Data excerpts:
==========

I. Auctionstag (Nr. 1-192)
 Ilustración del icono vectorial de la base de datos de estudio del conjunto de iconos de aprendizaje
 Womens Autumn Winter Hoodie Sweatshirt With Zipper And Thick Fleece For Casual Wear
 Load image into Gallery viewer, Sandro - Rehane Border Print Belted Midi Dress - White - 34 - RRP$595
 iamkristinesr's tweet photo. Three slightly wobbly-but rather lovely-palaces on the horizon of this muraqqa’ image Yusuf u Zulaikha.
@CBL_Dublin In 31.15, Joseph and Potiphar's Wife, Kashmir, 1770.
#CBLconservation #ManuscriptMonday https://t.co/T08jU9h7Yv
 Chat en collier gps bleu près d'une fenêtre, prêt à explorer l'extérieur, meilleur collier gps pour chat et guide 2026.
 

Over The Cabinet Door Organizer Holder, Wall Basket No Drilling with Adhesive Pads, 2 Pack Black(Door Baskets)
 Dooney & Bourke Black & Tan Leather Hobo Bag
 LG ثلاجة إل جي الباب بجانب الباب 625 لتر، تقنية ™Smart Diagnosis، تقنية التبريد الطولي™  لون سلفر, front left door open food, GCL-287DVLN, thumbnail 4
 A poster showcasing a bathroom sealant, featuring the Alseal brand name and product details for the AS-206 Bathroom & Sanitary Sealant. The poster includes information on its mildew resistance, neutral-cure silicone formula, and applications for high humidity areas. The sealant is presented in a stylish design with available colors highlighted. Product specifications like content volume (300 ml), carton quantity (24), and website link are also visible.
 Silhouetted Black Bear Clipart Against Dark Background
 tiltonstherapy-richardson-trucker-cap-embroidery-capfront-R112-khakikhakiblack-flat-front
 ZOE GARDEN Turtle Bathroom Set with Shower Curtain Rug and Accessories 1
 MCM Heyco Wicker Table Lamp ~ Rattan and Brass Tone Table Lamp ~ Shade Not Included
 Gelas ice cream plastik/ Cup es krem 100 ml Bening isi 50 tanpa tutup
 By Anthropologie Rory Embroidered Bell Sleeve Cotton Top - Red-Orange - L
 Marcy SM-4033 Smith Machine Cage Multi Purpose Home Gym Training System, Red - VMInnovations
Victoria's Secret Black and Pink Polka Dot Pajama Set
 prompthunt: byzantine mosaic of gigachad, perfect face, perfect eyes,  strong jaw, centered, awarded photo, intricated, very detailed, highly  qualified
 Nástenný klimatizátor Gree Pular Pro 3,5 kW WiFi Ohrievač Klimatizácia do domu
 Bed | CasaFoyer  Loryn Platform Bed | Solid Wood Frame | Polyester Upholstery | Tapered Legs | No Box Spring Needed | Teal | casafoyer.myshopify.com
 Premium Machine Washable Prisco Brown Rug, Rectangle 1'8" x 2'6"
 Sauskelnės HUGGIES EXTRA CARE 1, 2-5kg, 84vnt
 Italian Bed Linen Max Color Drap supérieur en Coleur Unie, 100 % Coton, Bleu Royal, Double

==========

AIM OF THE TASK ▸ Give back the complete data exactly as supplied.

YOUR RESPONSE ▸
I. Auctionstag (Nr. 1-192)
 Ilustración del icono vectorial de la base de datos de estudio del conjunto de iconos de aprendizaje
 Womens Autumn Winter Hoodie Sweatshirt With Zipper And Thick Fleece For Casual Wear
 Load image into Gallery viewer, Sandro - Rehane Border Print Belted Midi Dress - White - 34 - RRP$595
 iamkristinesr's tweet photo. Three slightly wobbly-but rather lovely-palaces on the horizon of this muraqqa’ image Yusuf u Zulaikha.
@CBL_Dublin In 31.15, Joseph and Potiphar's Wife, Kashmir, 1770.
#CBLconservation #ManuscriptMonday https://t.co/T08jU9h7Yv
 Chat en collier gps bleu près d'une fenêtre, prêt à explorer l'extérieur, meilleur collier gps pour chat et guide 2026.
 

Over The Cabinet Door Organizer Holder, Wall Basket No Drilling with Adhesive Pads, 2 Pack Black(Door Baskets)
 Dooney & Bourke Black & Tan Leather Hobo Bag
 LG ثلاجة إل جي الباب بجانب الباب 625 لتر، تقنية ™Smart Diagnosis، تقنية التبريد الطولي™  لون سلفر, front left door open food, GCL-287DVLN, thumbnail 4
 A poster showcasing a bathroom sealant, featuring the Alseal brand name and product details for the AS-206 Bathroom & Sanitary Sealant. The poster includes information on its mildew resistance, neutral-cure silicone formula, and applications for high humidity areas. The sealant is presented in a stylish design with available colors highlighted. Product specifications like content volume (300 ml), carton quantity (24), and website link are also visible.
 Silhouetted Black Bear Clipart Against Dark Background
 tiltonstherapy-richardson-trucker-cap-embroidery-capfront-R112-khakikhakiblack-flat-front
 ZOE GARDEN Turtle Bathroom Set with Shower Curtain Rug and Accessories 1
 MCM Heyco Wicker Table Lamp ~ Rattan and Brass Tone Table Lamp ~ Shade Not Included
 Gelas ice cream plastik/ Cup es krem 100 ml Bening isi 50 tanpa tutup
 By Anthropologie Rory Embroidered Bell Sleeve Cotton Top - Red-Orange - L
 Marcy SM-4033 Smith Machine Cage Multi Purpose Home Gym Training System, Red - VMInnovations
Victoria's Secret Black and Pink Polka Dot Pajama Set
 prompthunt: byzantine mosaic of gigachad, perfect face, perfect eyes,  strong jaw, centered, awarded photo, intricated, very detailed, highly  qualified
 Nástenný klimatizátor Gree Pular Pro 3,5 kW WiFi Ohrievač Klimatizácia do domu
 Bed | CasaFoyer  Loryn Platform Bed | Solid Wood Frame | Polyester Upholstery | Tapered Legs | No Box Spring Needed | Teal | casafoyer.myshopify.com
 Premium Machine Washable Prisco Brown Rug, Rectangle 1'8" x 2'6"
 Sauskelnės HUGGIES EXTRA CARE 1, 2-5kg, 84vnt
 Italian Bed Linen Max Color Drap supérieur en Coleur Unie, 100 % Coton, Bleu Royal, Double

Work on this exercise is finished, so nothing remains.